Account Takeover Prevention

An account takeover (ATO) is when an identity thief impersonates you and takes control of one or more of your online accounts. These may include bank or credit card accounts, other financial, medical, or online services accounts. Identity thieves obtain your login credentials (username/password combos) through data breaches, phishing attacks, ransomware, spyware, and other acts of fraud.

If even one of your username/password combos is stolen or breached, you may be at risk of credential stuffing (a type of brute force attack). Hackers don’t need to know which other accounts and services you have. They use automated software (bots) to try your stolen credentials on multiple accounts (credential stuffing) and can break into thousands of accounts within minutes. If you reuse passwords on more than one account, you are at risk of an account takeover attack.

Identity thieves only need a few pieces of personally identifiable information (PII) about you to perform an account takeover. They can use your date of birth, full name and address, email or phone accounts, SSN, or other critical information to pose as you and open, modify, take over, or benefit from your accounts in some other way. Some of this account information is stolen from your compromised accounts.

Once criminals gain access to your stolen accounts, they may do various things with them, such as:

• Use your rewards points to buy things or take advantage of discounts.
• Place orders or buy items.
• Open a new credit card in your name and make purchases.
• Purchase a new smartphone from your phone carrier and charge it to you.
• Drain your bank accounts.
• Commit credit card fraud.
• Send spam from your email account.
• Access other accounts using the information they found in another.
• Sell your information or accounts on the dark web.
• Redirect your unemployment or social security benefits to themselves.
• Access and steal other personal information or financial details.

First, contact your bank or account issuer and let them know you are a victim of ATO fraud. Then, have them reset any passwords or logins and change the email address associated with your account. Next, contact the credit bureaus and put a credit freeze on your account so no one can open new lines of credit in your name. Finally, have credit cards, and banks also freeze the activity in your account until you have fixed the problem.

Although account takeover is an alarming threat, you can take steps to protect yourself from these types of scams. Follow this list of tips to reduce your likelihood of an attack:

• Never reuse passwords on multiple accounts.
• Sign up for two-factor authentication whenever offered, especially with credit card and bank accounts.
• Never download apps you don’t know or trust.
• Always use long, strong passwords (a combination of letters, numbers, and symbols).
• Keep good, strong antivirus/anti-malware software running on all your devices as part of your cybersecurity practice.
• Turn on multi-factor authentication (biometrics) on your mobile devices.
• Keep a close eye on your credit report.

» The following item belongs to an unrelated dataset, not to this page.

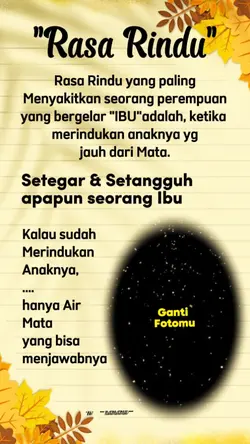 Rasa rindu,ibu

You can get a free copy from all three bureaus each year. Consider credit monitoring and a credit freeze.
• Sign up for identity theft monitoring to keep a close eye on all your data and receive alerts when your information is exposed online.

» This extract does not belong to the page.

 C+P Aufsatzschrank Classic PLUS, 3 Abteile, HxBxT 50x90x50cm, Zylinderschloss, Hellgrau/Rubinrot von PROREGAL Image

Yes, exposed personal details such as your name, DOB, phone number, email account, username, user ID, social media profiles, relatives, associates, employment, education, and other personally identifiable data may lead to an account takeover.

No monitoring service can prevent all account takeovers, but account takeover prevention monitoring will give you an advantage by checking, verifying, and identifying what types of personal information could be compromised by looking at recent accounts and inquiries and monitoring any changes to your credit score or available credit lines. It can also show you exposed email addresses, usernames, and passwords.

Any type of account you have online could be at risk of account takeover. Your financial accounts are targets, shopping accounts (like Amazon), Netflix or other streaming services, email accounts, and even social media. When you open them, most accounts require some personal information; therefore, they are all targets for cybercriminals.

Account takeover fraud is when someone gains illegal access to one or more of your accounts and uses them to commit fraud. It could include draining your bank accounts, making purchases in your name, or defrauding others using your email account.